══ RECORDS SHOWN ══

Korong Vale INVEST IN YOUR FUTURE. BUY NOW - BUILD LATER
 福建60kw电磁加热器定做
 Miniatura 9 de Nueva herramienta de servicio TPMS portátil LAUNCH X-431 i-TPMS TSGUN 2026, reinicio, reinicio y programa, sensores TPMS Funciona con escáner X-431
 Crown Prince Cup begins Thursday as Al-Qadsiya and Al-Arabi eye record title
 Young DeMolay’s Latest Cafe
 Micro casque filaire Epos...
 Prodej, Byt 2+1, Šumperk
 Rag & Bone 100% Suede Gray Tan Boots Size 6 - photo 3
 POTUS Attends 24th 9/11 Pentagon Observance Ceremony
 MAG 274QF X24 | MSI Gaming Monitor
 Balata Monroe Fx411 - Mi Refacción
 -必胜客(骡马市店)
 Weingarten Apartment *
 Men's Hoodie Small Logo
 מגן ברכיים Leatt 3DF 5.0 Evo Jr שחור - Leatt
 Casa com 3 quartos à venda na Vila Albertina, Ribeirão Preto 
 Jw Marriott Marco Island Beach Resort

═══

*PROBLEM TO SOLVE:*
Every line from the one holding "Balata Monroe Fx411 - Mi Refacción" through the final line of the listing must be echoed exactly; leave out all other lines.

*RESULT OF THIS TASK:*
 Balata Monroe Fx411 - Mi Refacción
 -必胜客(骡马市店)
 Weingarten Apartment *
 Men's Hoodie Small Logo
 מגן ברכיים Leatt 3DF 5.0 Evo Jr שחור - Leatt
 Casa com 3 quartos à venda na Vila Albertina, Ribeirão Preto 
 Jw Marriott Marco Island Beach Resort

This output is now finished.